The official website of the Sensory Ethnography Lab declares that their primary subject is the bodily praxis and affective fabric of human and animal existence. The overriding thematic and ethical concern of Leviathan is human relationship with animal and nature. Merleau-Ponty places great emphasis on how phenomenology exists in order to transport us into the living flesh of the world, stating, The Earth draws us out of ourselves not just to explore the terrain in order to dominate it but to learn from our contact with it, and from the resistance it offers us, what is the meaning of our world. Indeed, it is his stress on the idea that we must leave our own body and put aside our preconceptions that could lead to an existential experience. In one of the last scenes in the film, the camera shoots from the peak of the boat’s machinery, we look down at the chaos we were formerly living through.

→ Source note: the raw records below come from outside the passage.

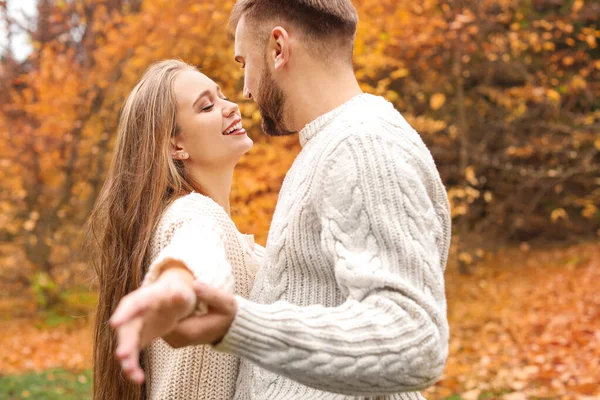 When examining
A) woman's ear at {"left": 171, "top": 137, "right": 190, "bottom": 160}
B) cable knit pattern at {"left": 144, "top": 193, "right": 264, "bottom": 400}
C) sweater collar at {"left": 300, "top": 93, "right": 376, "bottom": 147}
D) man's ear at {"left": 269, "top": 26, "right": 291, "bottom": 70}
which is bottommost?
cable knit pattern at {"left": 144, "top": 193, "right": 264, "bottom": 400}

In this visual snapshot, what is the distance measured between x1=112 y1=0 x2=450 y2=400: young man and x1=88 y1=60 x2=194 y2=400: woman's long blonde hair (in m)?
0.42

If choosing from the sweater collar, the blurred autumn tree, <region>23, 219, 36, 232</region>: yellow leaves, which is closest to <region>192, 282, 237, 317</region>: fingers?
the sweater collar

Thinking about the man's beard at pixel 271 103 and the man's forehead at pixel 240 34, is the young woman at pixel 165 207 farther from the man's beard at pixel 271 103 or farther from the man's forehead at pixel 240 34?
the man's forehead at pixel 240 34

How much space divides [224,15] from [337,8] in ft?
17.8

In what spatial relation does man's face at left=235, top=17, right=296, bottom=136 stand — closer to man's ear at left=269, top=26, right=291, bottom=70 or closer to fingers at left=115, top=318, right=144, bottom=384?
man's ear at left=269, top=26, right=291, bottom=70

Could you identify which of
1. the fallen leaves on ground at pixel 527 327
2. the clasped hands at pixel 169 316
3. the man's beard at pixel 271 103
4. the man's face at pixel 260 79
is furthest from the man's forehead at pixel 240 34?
the fallen leaves on ground at pixel 527 327

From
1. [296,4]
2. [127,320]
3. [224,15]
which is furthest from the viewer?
[224,15]

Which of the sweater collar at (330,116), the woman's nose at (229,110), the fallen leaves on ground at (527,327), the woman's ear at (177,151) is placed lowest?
the fallen leaves on ground at (527,327)

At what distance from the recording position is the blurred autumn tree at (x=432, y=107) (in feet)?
30.3

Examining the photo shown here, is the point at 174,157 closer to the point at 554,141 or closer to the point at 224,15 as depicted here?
the point at 224,15

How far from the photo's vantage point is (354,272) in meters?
1.31

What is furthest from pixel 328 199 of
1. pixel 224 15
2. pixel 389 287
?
pixel 224 15

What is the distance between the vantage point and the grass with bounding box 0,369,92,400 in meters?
6.43

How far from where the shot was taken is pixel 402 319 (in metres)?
1.27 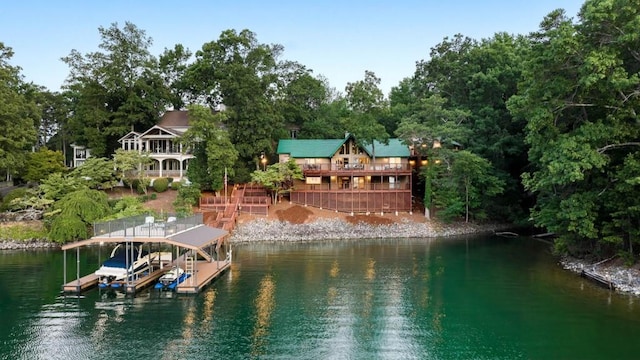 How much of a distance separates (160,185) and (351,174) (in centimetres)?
1983

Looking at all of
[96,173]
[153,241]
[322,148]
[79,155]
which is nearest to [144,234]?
[153,241]

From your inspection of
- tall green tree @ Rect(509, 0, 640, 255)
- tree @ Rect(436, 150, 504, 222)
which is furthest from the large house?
tall green tree @ Rect(509, 0, 640, 255)

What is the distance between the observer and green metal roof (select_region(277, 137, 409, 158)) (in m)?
49.8

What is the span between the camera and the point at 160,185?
47375mm

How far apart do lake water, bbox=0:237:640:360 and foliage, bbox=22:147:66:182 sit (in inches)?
684

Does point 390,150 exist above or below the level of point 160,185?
above

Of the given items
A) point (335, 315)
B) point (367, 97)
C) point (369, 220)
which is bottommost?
point (335, 315)

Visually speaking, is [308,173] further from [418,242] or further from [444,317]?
[444,317]

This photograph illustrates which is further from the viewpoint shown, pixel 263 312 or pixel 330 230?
pixel 330 230

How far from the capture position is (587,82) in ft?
71.1

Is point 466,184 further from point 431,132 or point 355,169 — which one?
point 355,169

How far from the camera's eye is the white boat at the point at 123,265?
23.0 meters

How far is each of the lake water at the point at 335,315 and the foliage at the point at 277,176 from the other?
15713mm

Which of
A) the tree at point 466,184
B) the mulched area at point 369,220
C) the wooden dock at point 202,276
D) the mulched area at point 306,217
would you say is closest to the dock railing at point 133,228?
the wooden dock at point 202,276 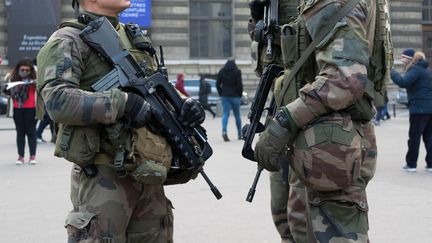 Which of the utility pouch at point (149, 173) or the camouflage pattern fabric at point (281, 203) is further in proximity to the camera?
the camouflage pattern fabric at point (281, 203)

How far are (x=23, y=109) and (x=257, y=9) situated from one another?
7.45 metres

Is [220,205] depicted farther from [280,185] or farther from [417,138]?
[417,138]

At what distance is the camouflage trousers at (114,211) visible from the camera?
3250mm

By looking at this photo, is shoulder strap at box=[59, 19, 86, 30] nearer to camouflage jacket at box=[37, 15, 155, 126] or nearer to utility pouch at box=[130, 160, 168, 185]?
camouflage jacket at box=[37, 15, 155, 126]

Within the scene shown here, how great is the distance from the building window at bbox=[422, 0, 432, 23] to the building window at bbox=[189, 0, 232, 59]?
381 inches

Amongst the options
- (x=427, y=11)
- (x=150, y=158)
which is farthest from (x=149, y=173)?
(x=427, y=11)

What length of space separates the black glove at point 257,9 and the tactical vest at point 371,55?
3.37ft

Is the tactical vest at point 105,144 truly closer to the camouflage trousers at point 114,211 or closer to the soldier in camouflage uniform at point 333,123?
the camouflage trousers at point 114,211

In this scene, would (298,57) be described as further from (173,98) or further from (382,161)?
(382,161)

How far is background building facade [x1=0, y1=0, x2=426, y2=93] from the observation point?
30203 millimetres

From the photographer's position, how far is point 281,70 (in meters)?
4.10

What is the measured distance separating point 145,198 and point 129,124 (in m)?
0.42

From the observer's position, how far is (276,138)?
327cm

It possibly appears in order to allow the audience space; space to reflect, space to return to our own bodies – to our obsessive selves - and comprehend the many strands of perception we experienced during the film and re-evaluate an ethical stance on human/animal/world existence. However, the shot could also be a bird’s eye view – in the most literal sense of the term – with the camera once more embodying an animal, leading further and further away from the strand of human perception. The shot could also be reflecting the earlier scene in which we voyeuristically gazed on the fisherman showering, for in both we hover above and occupy a previously impossible space – rather than just the intimate and private space of the shower, the outside world has possibly become something now which we are invited to gaze upon voyeuristically, from a space that was previously blind to us. That this one shot is entangled with three possible strands of perception is how Leviathan can manipulate and transform how we, as the audience/participant, can see the world more intricately than before, examining all its complex connections and contradictions as delicately as how we might pick up and study a fallen leaf in the forest, or a shell on the beach.